難関資格や東大受験に “働きながら合格した” 勉強猛者は、過去問・参考書をこう使っていた!

過去問・参考書の使い方01

「キャリアアップのために資格をとりたいけど、時間がない」
「働きながら資格勉強も効率的にやるなんて、本当にできるの?」

そんな悩みや疑問がある人は、過去問題集や参考書の使い方を工夫してみませんか? じつは、限られた時間のなかでも、教材の使い方次第で学習を飛躍的に進ませることができるのです。難関資格や東大受験に働きながら合格した “勉強のプロ” とも呼べる人たちが、どのように過去問題集や参考書を活用していたかご紹介しましょう。

【1】最初に過去問を読んで勉強範囲を絞り込む

資格をとると決めて、いざ勉強を開始しようというときには、参考書を1ページめから読むのがきっと一般的でしょう。しかし忙しい社会人の場合、この読み方だと「時間がないから丁寧に読んでいられない」「ページ数が多すぎて間に合いそうもない」といった理由でモチベーションが低下し、勉強に挫折してしまうかもしれません。実際に勉強時間が足りなくなるおそれも。

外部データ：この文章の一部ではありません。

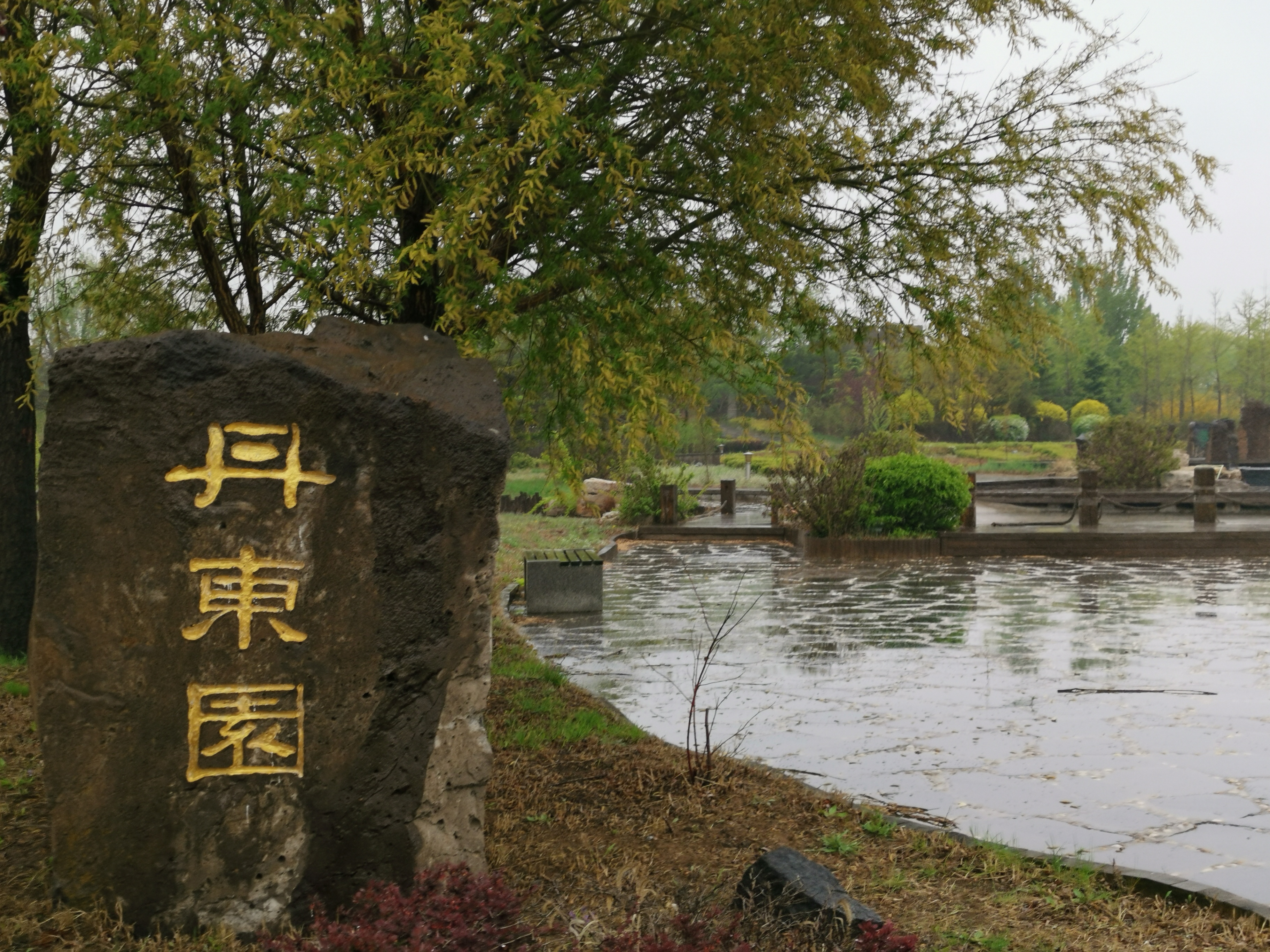 游锦州世博园,五一锦州世博园赏花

資格試験の勉強を効率よく進めるカギは、自分に足りていない知識だけに的を絞ることだ――。そう述べるのは、『捨てる勉強法』の著者で司法書士、社会保険労務士など複数の国家資格を保有する並木秀陸氏です。

並木氏は、資格勉強の効率を高めるため、最初に過去問題集を読んで勉強範囲を絞り込むことをすすめています。具体的には問題文を読んだあと、すぐにその問いに対する答えや解説を読むのだそう。そのうえで、

  • 解説の内容を知っていた場合 →「すでにある知識」
  • 逆にまだ知らない場合 →「いまの自分に足りていない知識」

と判断するのです。そうすれば、試験合格のために必要な知識を確実に補えるうえ、もう知っていることを二重に勉強せずにすみますよね。

この勉強法は、普段の業務と資格試験の内容に共通点がある社会人の場合、特に有効だと言えます。なぜなら、業務を通じてすでに得ており、あらためて勉強する必要のない知識を選別するのに役立つからです。たとえば、不動産関係の仕事に就いている人が宅地建物取引士資格試験の勉強をするといったケースなどが当てはまります。

並木氏が紹介している具体例を参考にしながら説明しましょう。「不動産の売買契約に関する民法の規定」を問う問題の解答や解説に、「民法96条により、詐欺または脅迫によって契約を結んだ場合は取り消すことができる」旨が書かれている場合……

  • 民法96条を暗唱できるレベルで知っている。同様のケースを実務で経験している →「すでにある知識」
  • 民法96条と言われても内容を思い出せない。同様のケースを実務で経験していない →「いまの自分に足りない知識」

となり、後者に当てはまるような場合にのみ、その知識の勉強に時間を割けばよいことがわかります。

このように、まずは過去問題集を読みつつ勉強範囲を絞り込んで、合格に足りない知識を把握しましょう

過去問・参考書の使い方02

【2】寝る前の1分間で要点を拾い読みする

仕事終わりは疲れていて、過去問を解いたり、参考書を何ページも一生懸命読んだりするのは難しい……という人も実践しやすいのが寝る前1分記憶術です。

記憶をつかさどる脳の海馬は夜ほど活発に働く傾向にあり、また睡眠中の脳は記憶の定着に専念することから、寝る前の記憶は残りやすい――『寝る前1分記憶術』著者であり、行政書士や社会保険労務士をはじめ90個超の資格をもつ高島徹治氏はそう述べます。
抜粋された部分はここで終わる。